* Supplied material *
BEGIN

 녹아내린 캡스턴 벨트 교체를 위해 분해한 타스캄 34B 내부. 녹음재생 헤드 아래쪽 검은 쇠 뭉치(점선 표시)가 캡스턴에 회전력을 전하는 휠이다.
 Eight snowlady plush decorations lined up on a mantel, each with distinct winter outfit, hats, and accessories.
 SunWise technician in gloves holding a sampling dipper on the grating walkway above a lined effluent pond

END
BEGIN

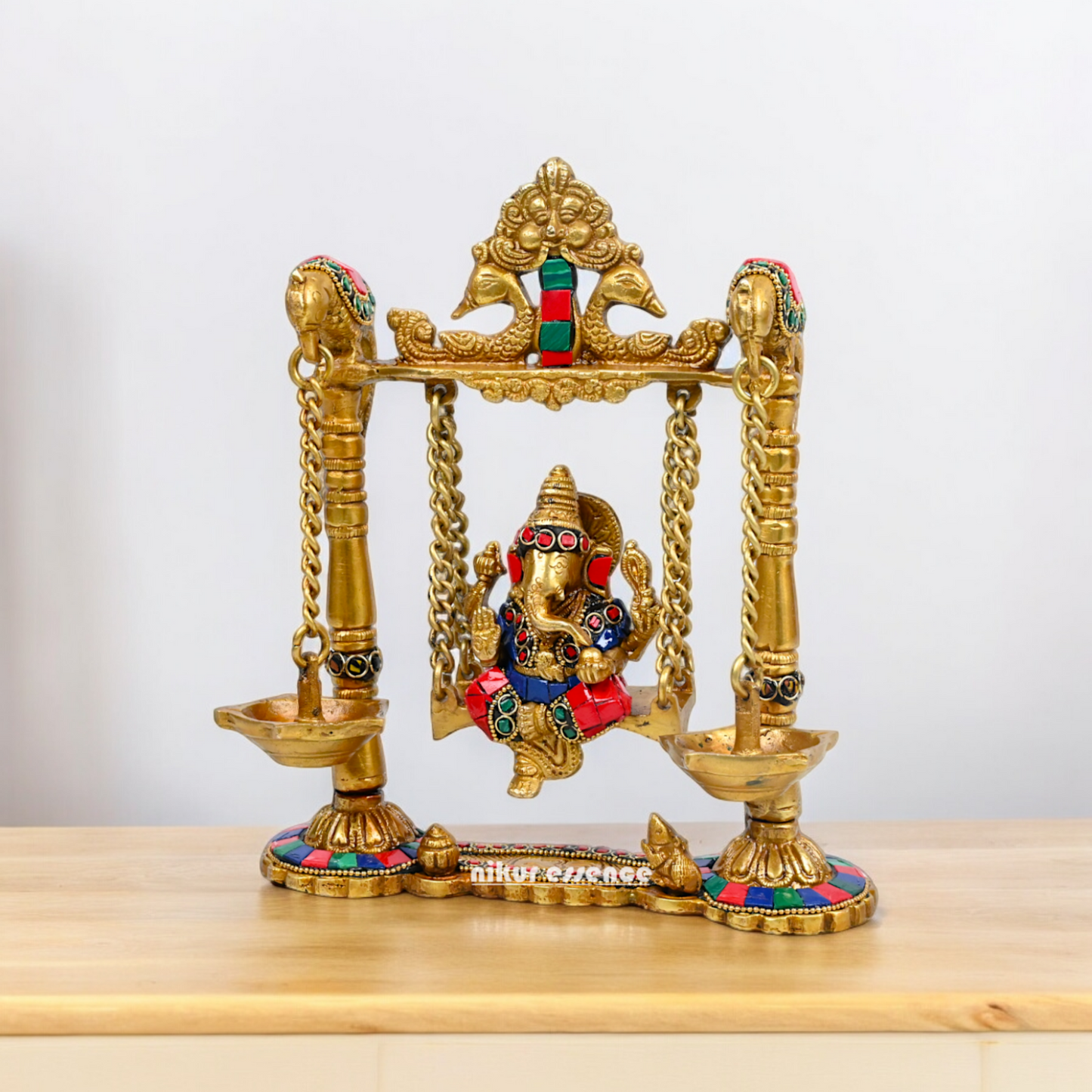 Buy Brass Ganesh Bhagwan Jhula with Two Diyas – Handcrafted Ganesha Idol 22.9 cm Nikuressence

END
BEGIN

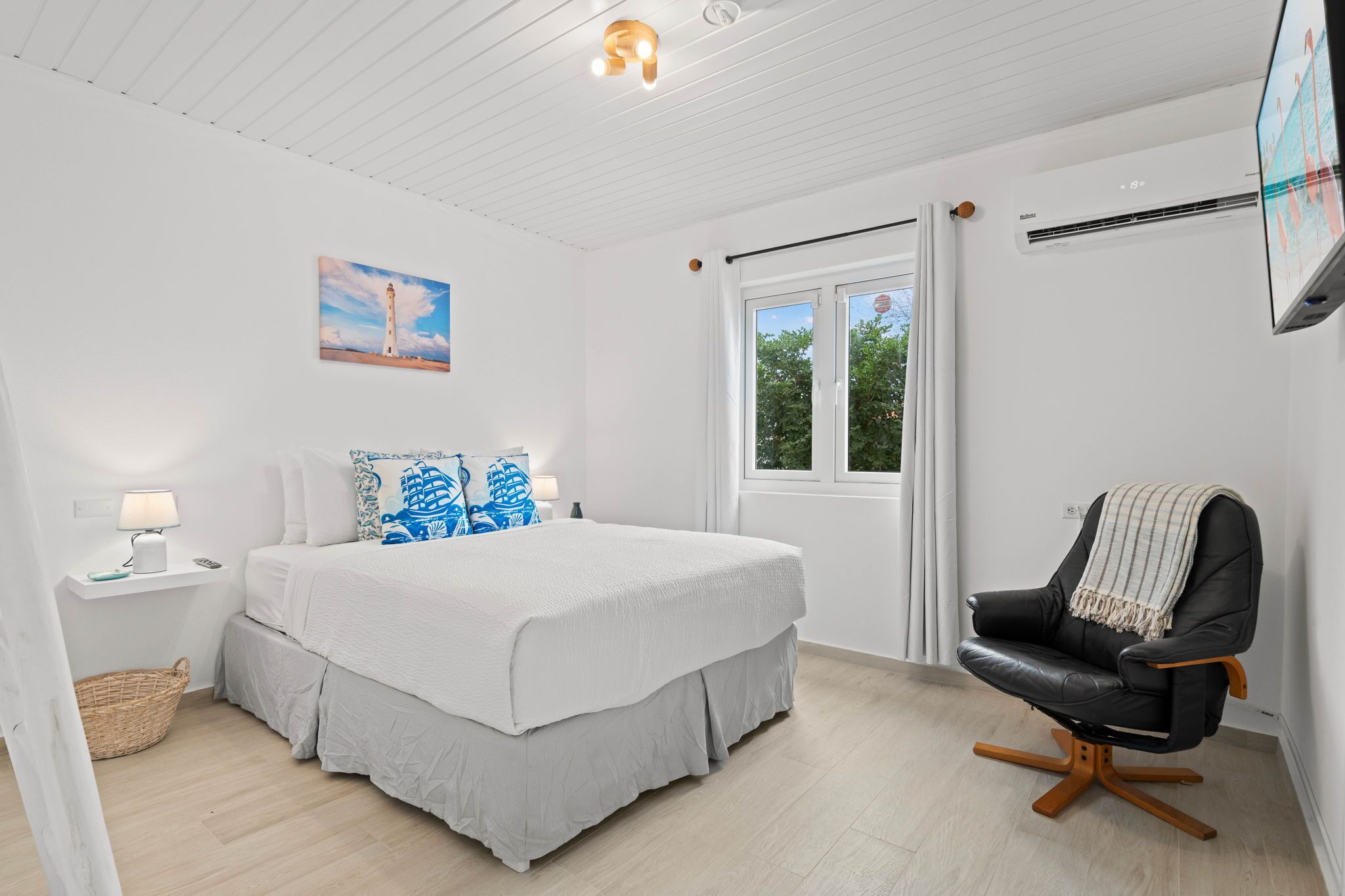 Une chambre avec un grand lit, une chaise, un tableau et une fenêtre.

END

* Aim of the exercise *
Copy each line of the listing that includes "lined".

* Output *
 Eight snowlady plush decorations lined up on a mantel, each with distinct winter outfit, hats, and accessories.
 SunWise technician in gloves holding a sampling dipper on the grating walkway above a lined effluent pond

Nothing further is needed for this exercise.